Jalibert chef d’orchestre, Ramos en métronome
Individuellement, Matthieu Jalibert rayonne. Il est en tête du classement des passes décisives avec 4 offrandes et totalise 10 passes après contact. Il est impliqué dans 6 essais français, un record dans ce Tournoi.
Thomas Ramos, lui, domine le classement des points avec 25 unités et affiche 85,7 % de réussite face aux perches. Son apport dans le jeu au pied est également précieux, dans une équipe qui totalise déjà plus de 2000 mètres gagnés au pied depuis le début de la compétition.
Dans le jeu courant, Louis Bielle-Biarrey et Théo Attissogbe comptent déjà trois essais chacun, preuve de l’efficacité des extérieurs français.
Une Italie plus solide et plus agressive
Si l’historique des confrontations est largement en faveur des Bleus, avec 23 victoires françaises en 26 matchs dans le cadre du Six Nations, l’Italie version 2026 montre un visage plus compétitif.
Les Transalpins ont dominé l’Écosse lors de la deuxième journée (18-15) et n’ont cédé que 20-13 en Irlande. Leur défense se distingue par une forte activité : Lorenzo Cannone est le meilleur plaqueur du Tournoi avec 37 plaquages réussis, tandis que Manuel Zuliani s’illustre dans les turnovers.
L’Italie excelle également en touche. Elle est l’équipe qui a volé le plus de ballons dans ce secteur (5), avec des leaders comme Michele Lamaro et Giacomo Nicotera. Un domaine qui pourrait constituer une vraie zone de duel face à l’alignement français.
En revanche, l’efficacité offensive reste plus limitée : seulement 1,6 point marqué par entrée dans les 22 mètres adverses, soit le ratio le plus faible du Tournoi. Face à une défense française qui ne concède que 2,2 points par entrée adverse, l’équation s’annonce complexe.
Un défi différent de 2025
La dernière confrontation, en février 2025, avait tourné à la démonstration avec un 73-24 infligé par les Bleus à Rome. Les Français avaient inscrit 11 essais, parcouru 733 mètres ballon en main et battu 37 défenseurs.
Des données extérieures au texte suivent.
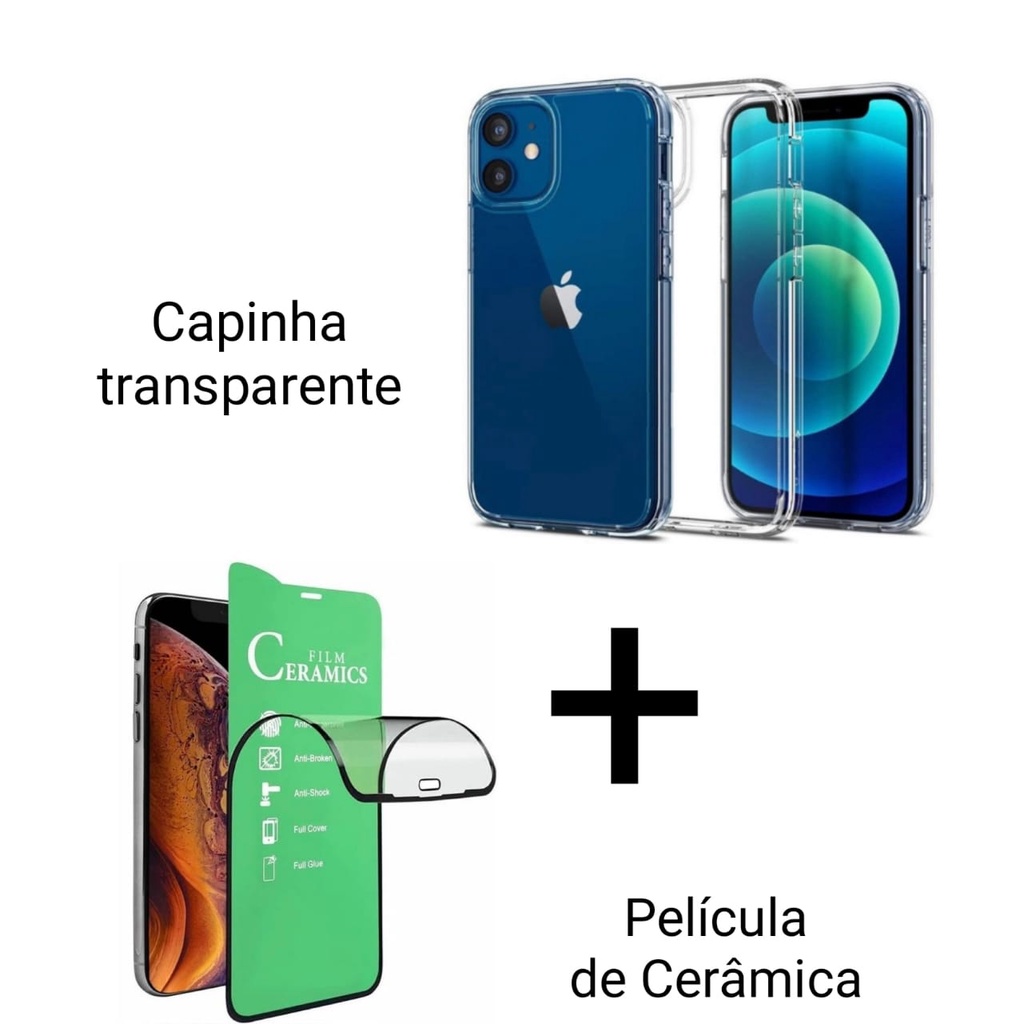 Capa Capinha Case Para iPhone 14 Pro Max - Linha Premium - Capinha de  Celular - Magazine Luiza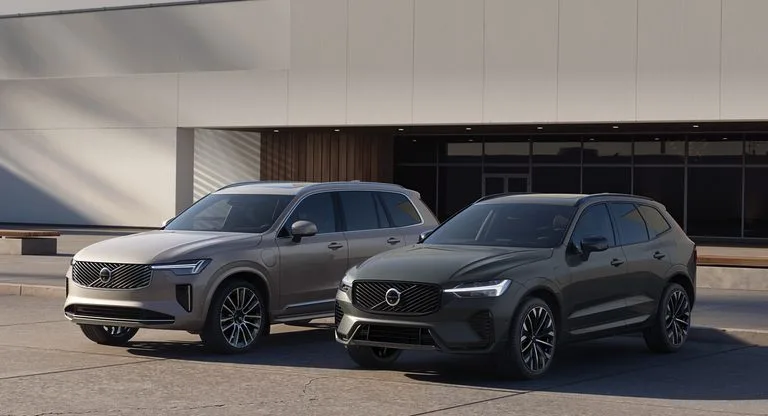 볼보 XC90, 볼보 XC60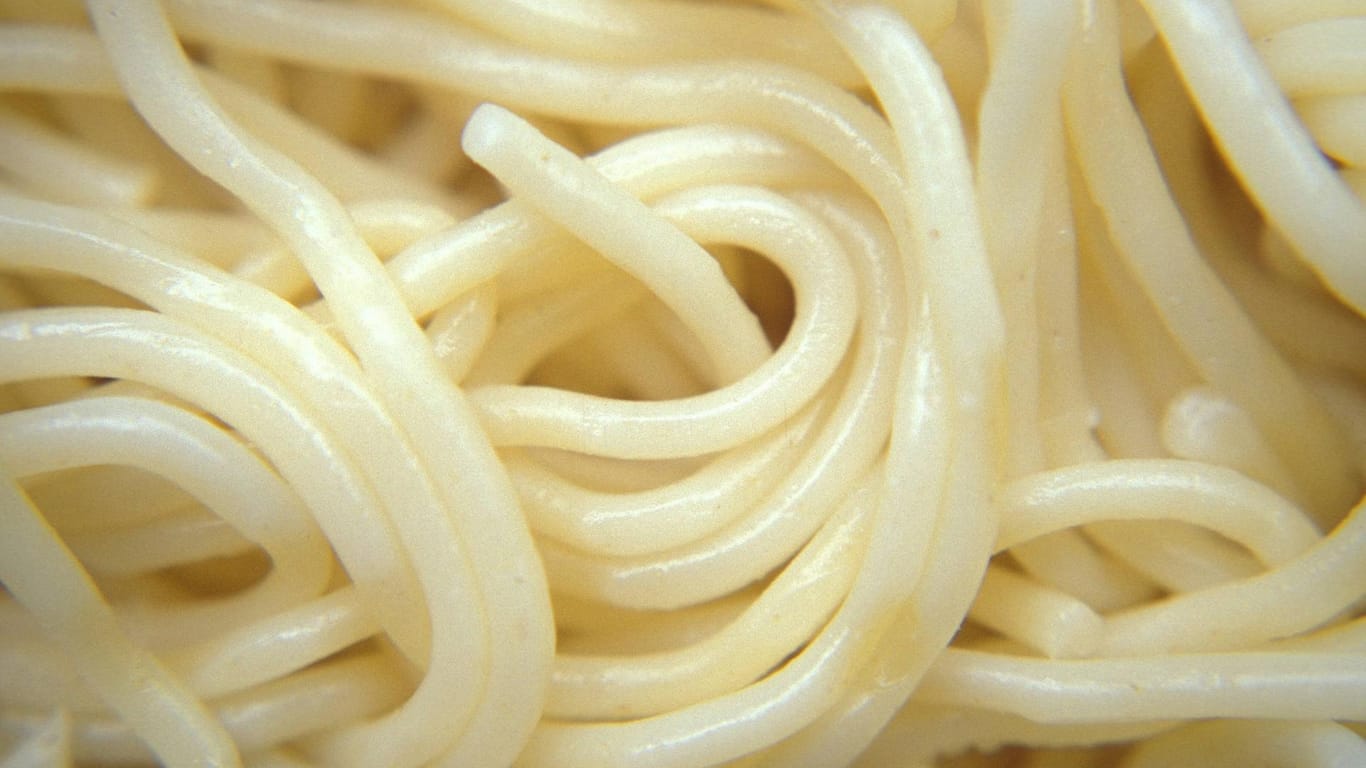 Zu weiche Spaghetti: Sie können ein tolles Essen ruinieren.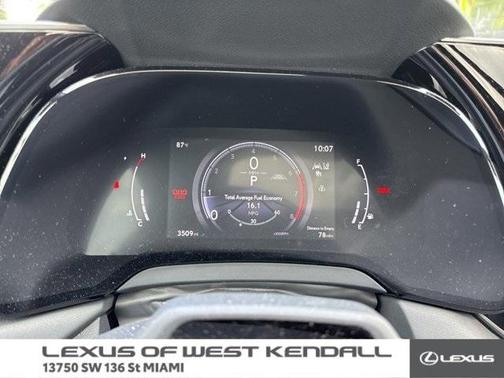 2024 Lexus RX 350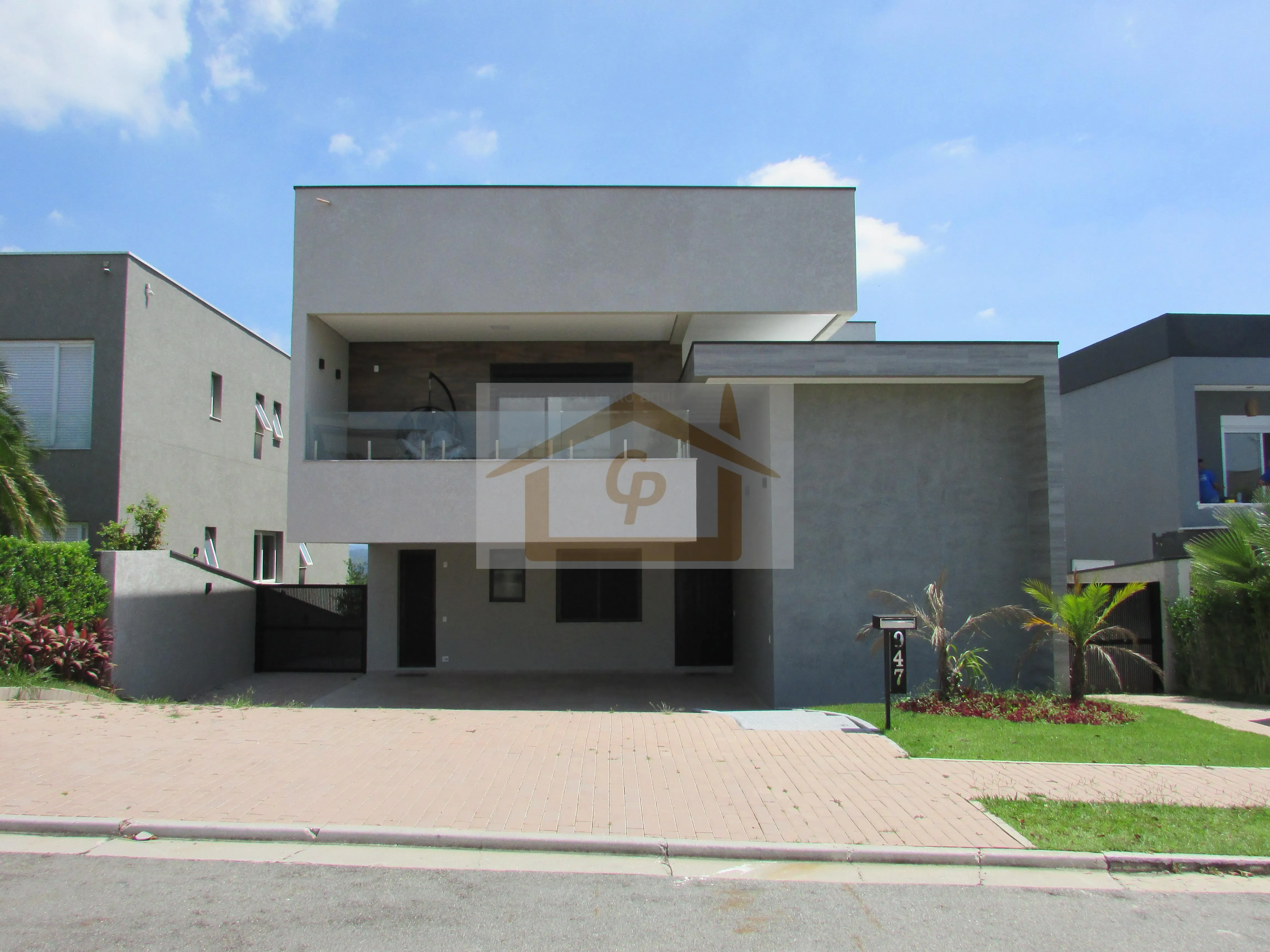 Imagem Casa Moderna e Clean - 4 dormitórios, 2 suítes, ampla e arejada * Granja Viana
Un tel écart semble moins probable cette année. L’Italie a gagné en constance, en discipline et en densité défensive. Mais pour espérer inquiéter la France, elle devra ralentir les sorties de balle françaises et améliorer drastiquement son efficacité dans les zones de marque.
Une France en contrôle
Après les turbulences de la tournée estivale en Nouvelle-Zélande et la défaite face à l’Afrique du Sud à l’automne, les Bleus semblent avoir retrouvé équilibre et maîtrise. Plus disciplinés, plus précis, toujours aussi explosifs, ils abordent ce rendez-vous avec le statut de favori assumé.
Ce France – Italie pourrait confirmer deux tendances fortes de ce début de Tournoi : l’affirmation d’une équipe de France candidate crédible au titre, et la montée en gamme progressive d’une Italie qui n’est plus seulement un outsider symbolique, mais un adversaire à respecter.